Como é viver a portugalidade em África?
Muito enriquecedora e facilitada. Nós portugueses somos geralmente muito bem aceites em África e tendo sido um povo de descobridores passámos quase por todos os países costeiros de África e o Gabão não foi exceção. Os navegadores portugueses descobriram o Gabão no final do século XV e, durante os três séculos seguintes, desenvolveram o comércio, recebendo madeira, marfim, ouro e escravos em troca de produtos manufaturados na Europa. Só em 1843 é que a bandeira francesa foi hasteada. Ainda hoje há muitos nomes de cidades e províncias que foram dados pelos portugueses: Port Gentil, Santa Clara, Point Denis, Sette Cama, Cape Lopez… Os portugueses integram-se melhor e aceitam melhor culturas diferentes do que outros países europeus porque toda a sua história foi feita de expansão, abertura, mixicidade e integração, seja dentro ou fora de Portugal.
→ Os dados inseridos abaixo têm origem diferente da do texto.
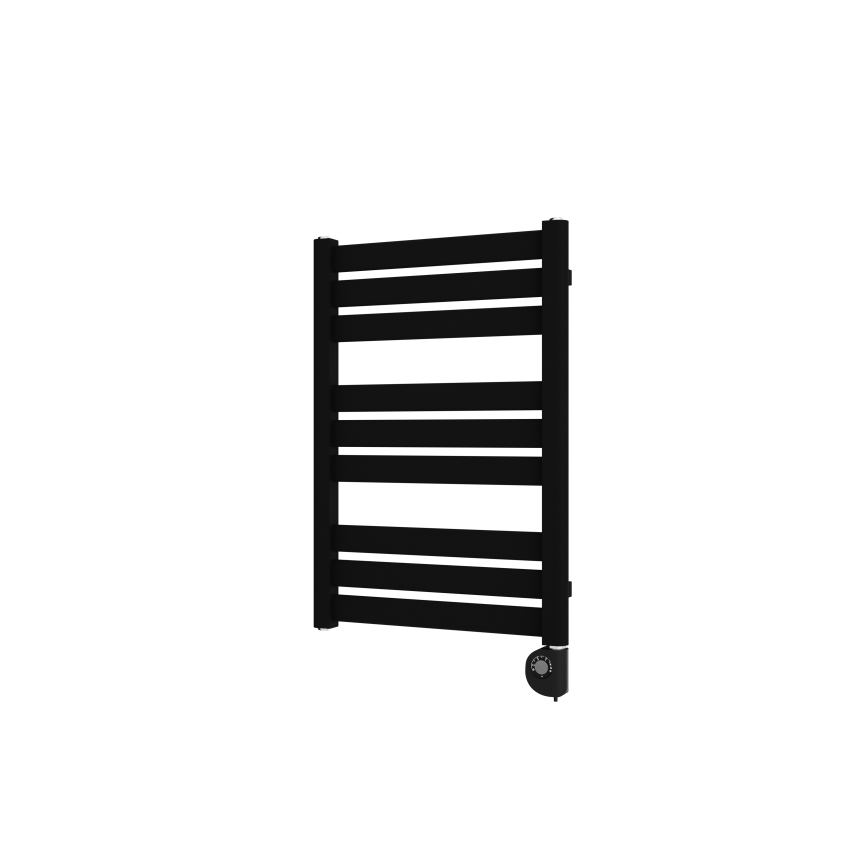 Vertaduro - Koupelnový radiátor s termostatem LUCY 400W 73x50 cm černá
Um verdadeiro português tem de ser aberto ao mundo, a novas culturas, povos, raças, línguas e religiões. Nós somos o fruto dessa mixicidade desde o século XV e os nossos antepassados deixaram-nos, e muito bem, esse legado.
 
Que contactos mantém com Coimbra?
Tenho toda a minha família, exceto um irmão que casou e vive em Vila Nova de Gaia desde 1997. Tenho o pai e a família paterna da minha filha e muitos amigos que preservo desde miúda. E quando vou a Portugal passo uma grande parte das minhas férias em Coimbra. Relativamente às instituições, é mais difícil. Elas estão sobretudo em Lisboa, no Ministério dos Negócios Estrangeiros e na Secretaria de Estado dos Assuntos Europeus.
 
Como viveu a inscrição de Coimbra - Alta Universitária e Rua da Sofia na lista dos sítios Património da Humanidade?
Com muito orgulho e emoção. Coimbra é a minha cidade de berço e tudo o que der à minha cidade Natal prestígio e renome é motivo de orgulho. Enquanto cidadã do Mundo, tive a sorte de ter encontrado gentes dos 5 continentes que conheciam a minha cidade e isso sempre me encheu de orgulho pela história da cidade e pela sua universidade, mundialmente conhecida.
 
Como está a acompanhar a pretensão de Coimbra vir a ser Capital Europeia da Cultura em 2027?
Tem capacidade e mérito para o fazer. Tem tudo a ver com o querer, porque quando queremos conseguimos fazer. É o nosso espírito de aventureiros e descobridores. Há tempo suficiente para o preparar e penso que, com a história e os monumentos que Coimbra tem, não será difícil fazer algo de muito bom.